Salvador — Representantes de quatro das principais federações empresariais da Bahia se mobilizaram nesta segunda-feira (31), para pressionar pelo adiamento da votação da PEC que prevê o fim da escala 6x1 e mudanças na jornada de trabalho.
O posicionamento foi apresentado em coletiva na sede do Sebrae, em Salvador, e reuniu dirigentes da Fecomércio-BA, FIEB, Faeb e Fetrabase. A mobilização faz parte da campanha nacional “Agora, Não!”, lançada pela CNC.
As entidades afirmam que não são contra a discussão sobre uma nova jornada, mas defendem que uma mudança constitucional dessa dimensão seja analisada com mais tempo e participação de empresários e trabalhadores.

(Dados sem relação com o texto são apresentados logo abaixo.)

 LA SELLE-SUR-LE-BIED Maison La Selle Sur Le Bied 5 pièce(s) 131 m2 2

O presidente da Fecomércio-BA, Kelsor Fernandes, criticou a possibilidade de a proposta ser utilizada como bandeira eleitoral.

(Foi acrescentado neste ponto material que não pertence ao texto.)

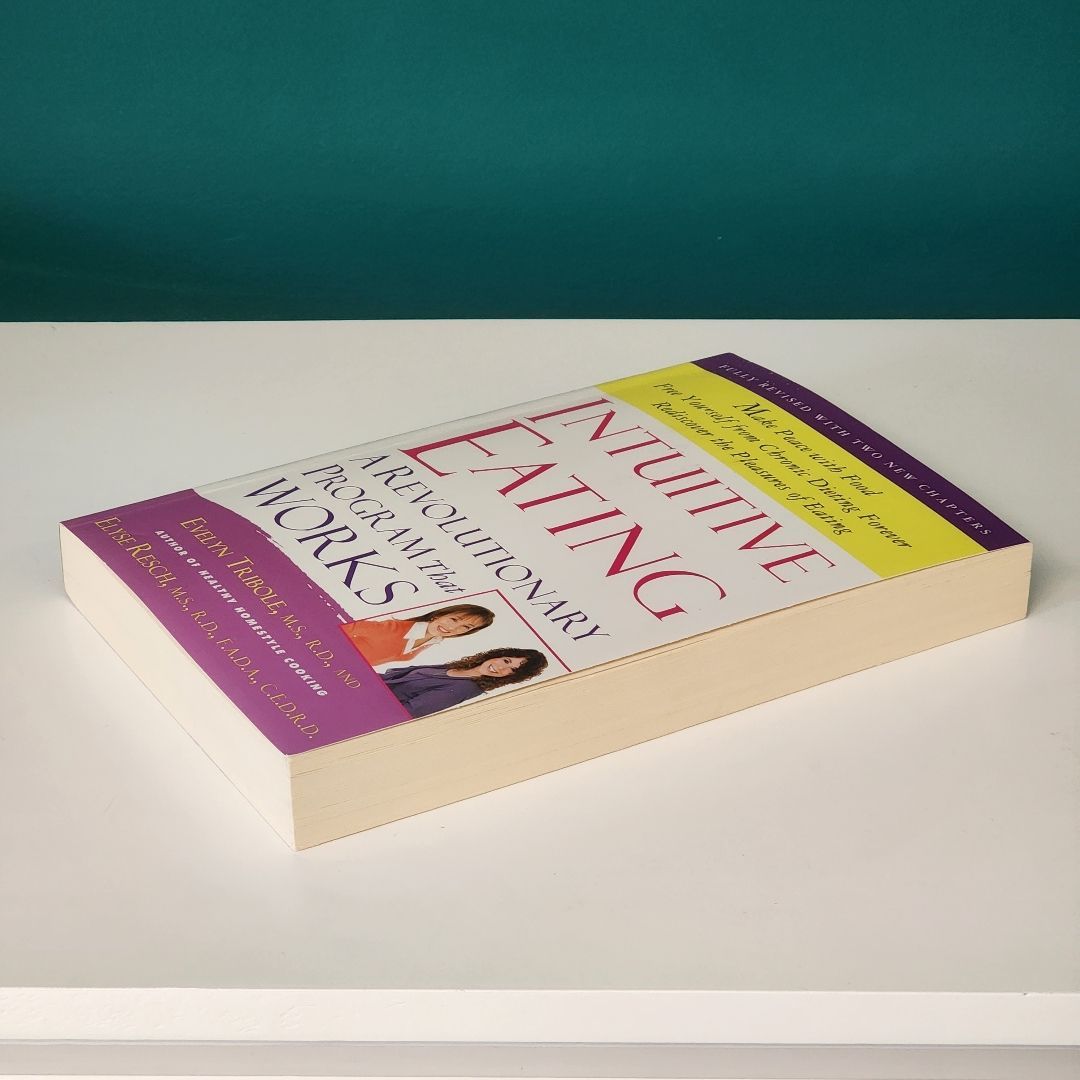 Intuitive Eating by Evelyn Tribole, Paperback | Pangobooks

“Não somos contra a discussão sobre uma nova jornada de trabalho. Somos contra transformar um tema dessa relevância para a sociedade brasileira em bandeira eleitoral”, afirmou.
O presidente da FIEB, Carlos Henrique Passos, alertou que empresas com turnos e operações contínuas podem precisar criar novas escalas e contratar mais trabalhadores caso as regras sejam alteradas.
As federações também apontam possíveis reflexos sobre custos, empregos, produtividade e competitividade.
No setor agropecuário, a Faeb também alerta para possíveis impactos sobre os custos de produção, que poderiam chegar ao consumidor por meio do aumento dos preços.
A reação do empresariado ocorre às vésperas de uma semana considerada decisiva no Congresso Nacional.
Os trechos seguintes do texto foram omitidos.